Kumar may set up a trust by signing and registering a Trust Deed, which creates an
authentic and verifiable record of his intentions. The Trust Deed must clearly
specify the following:
(i) An unequivocal intention to create a trust;
(ii) Define the objectives of the trust;
(iii) Identity of the beneficiaries; and
(iv) Transfer of an identifiable property.

Kumar can also create the trust through a ‘Will’, which would be effective only upon
his death.

Things to keep in mind


If desired, Kumar can include a trusted
person as a ‘Protector’, to advise the
Trustees.
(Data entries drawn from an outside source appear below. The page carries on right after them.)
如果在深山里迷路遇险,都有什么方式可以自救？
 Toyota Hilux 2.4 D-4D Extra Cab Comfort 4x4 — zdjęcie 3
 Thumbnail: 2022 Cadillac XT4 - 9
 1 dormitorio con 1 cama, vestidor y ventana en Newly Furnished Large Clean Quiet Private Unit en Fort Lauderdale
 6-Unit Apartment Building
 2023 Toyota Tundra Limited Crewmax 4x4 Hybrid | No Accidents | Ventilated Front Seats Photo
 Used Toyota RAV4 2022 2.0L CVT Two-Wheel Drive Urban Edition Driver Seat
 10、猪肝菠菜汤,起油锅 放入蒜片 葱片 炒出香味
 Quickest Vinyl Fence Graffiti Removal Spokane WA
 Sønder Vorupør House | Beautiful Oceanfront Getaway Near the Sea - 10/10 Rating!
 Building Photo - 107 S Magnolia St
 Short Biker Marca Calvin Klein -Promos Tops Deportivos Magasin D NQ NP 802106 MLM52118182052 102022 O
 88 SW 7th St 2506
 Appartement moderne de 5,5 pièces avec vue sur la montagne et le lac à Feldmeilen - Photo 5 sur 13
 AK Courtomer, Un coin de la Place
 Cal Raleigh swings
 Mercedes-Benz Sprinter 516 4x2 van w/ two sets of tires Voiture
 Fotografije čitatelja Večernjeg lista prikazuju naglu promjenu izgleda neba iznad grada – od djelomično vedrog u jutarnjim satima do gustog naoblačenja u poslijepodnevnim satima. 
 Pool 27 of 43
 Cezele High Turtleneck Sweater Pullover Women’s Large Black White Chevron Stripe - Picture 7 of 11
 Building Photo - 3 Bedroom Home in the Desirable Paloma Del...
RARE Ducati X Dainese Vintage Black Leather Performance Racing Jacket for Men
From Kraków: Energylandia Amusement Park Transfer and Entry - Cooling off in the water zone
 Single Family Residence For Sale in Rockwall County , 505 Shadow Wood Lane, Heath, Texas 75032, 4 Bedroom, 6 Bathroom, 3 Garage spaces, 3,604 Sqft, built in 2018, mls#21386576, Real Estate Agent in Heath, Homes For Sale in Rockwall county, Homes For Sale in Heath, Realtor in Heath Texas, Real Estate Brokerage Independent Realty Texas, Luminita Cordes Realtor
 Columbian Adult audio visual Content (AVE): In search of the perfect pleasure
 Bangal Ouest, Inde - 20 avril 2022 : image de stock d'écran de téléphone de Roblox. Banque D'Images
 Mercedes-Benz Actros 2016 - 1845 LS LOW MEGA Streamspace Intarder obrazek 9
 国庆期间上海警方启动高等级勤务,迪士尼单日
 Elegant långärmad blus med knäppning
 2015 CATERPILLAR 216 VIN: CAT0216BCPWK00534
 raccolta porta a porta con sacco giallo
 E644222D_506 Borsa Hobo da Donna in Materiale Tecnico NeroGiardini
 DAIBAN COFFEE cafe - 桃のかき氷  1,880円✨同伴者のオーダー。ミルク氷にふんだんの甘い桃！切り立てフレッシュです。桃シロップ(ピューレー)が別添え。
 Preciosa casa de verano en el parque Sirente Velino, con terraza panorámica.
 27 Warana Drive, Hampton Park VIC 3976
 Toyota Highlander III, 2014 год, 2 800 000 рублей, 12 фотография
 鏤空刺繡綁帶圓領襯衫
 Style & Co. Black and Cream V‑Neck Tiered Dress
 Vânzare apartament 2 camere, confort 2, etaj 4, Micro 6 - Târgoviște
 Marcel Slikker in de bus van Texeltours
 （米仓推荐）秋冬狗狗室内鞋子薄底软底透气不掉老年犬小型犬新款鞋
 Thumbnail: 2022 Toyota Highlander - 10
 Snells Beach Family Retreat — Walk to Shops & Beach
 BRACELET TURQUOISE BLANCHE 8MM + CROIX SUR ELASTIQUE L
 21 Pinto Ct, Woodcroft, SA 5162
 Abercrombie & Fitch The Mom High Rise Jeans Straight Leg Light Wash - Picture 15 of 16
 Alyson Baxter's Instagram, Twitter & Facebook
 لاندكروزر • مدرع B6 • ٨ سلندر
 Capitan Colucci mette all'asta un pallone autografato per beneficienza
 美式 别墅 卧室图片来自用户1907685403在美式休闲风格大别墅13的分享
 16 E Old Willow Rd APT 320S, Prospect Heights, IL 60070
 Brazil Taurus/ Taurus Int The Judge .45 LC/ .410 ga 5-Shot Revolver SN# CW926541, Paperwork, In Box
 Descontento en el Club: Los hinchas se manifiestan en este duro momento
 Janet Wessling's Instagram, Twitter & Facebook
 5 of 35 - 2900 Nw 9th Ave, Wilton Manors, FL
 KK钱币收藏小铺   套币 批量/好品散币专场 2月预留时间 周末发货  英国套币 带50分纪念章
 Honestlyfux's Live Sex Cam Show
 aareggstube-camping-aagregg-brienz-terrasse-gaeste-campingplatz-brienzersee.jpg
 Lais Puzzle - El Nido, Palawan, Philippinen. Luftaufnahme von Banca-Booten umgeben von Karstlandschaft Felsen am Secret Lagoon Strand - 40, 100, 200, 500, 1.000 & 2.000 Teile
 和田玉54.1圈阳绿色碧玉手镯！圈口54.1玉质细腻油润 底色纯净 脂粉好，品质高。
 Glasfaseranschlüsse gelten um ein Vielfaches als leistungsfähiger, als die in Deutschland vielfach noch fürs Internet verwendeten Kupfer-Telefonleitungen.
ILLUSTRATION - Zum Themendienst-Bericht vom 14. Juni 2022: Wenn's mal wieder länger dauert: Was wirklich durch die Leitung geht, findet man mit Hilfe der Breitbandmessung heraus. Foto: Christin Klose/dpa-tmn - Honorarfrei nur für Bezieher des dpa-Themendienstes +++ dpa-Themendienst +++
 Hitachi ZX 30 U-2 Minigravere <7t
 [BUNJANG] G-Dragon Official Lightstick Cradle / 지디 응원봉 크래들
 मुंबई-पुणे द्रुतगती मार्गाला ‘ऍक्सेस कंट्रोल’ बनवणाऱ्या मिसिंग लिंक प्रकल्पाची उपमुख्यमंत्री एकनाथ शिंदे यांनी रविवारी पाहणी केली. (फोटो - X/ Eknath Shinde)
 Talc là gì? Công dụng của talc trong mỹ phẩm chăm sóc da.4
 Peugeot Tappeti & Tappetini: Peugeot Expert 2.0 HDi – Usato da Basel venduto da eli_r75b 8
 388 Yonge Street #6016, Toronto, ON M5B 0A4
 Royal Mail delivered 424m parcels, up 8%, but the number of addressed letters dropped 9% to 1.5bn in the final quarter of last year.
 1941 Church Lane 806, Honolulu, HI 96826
The Protector will have the
power to overrule the Trustees on
certain decisions to ensure Kumar’s
wishes are carried out as intended.
Aside of being the ‘Author’, Kumar may
also be a Trustee; a Beneficiary; or all
three, when there are multiple
beneficiaries.

Apart from satisfying the essential criteria to create a trust, it is useful to provide
a clear delineation of authority and responsibilities when there are many trustees,
to avoid disputes.
Read more on the series:
SUCCESSION PLANNING: AN INTRODUCTION

NOMINEE VS LEGAL HEIRS: WHO INHERITS THE ASSETS?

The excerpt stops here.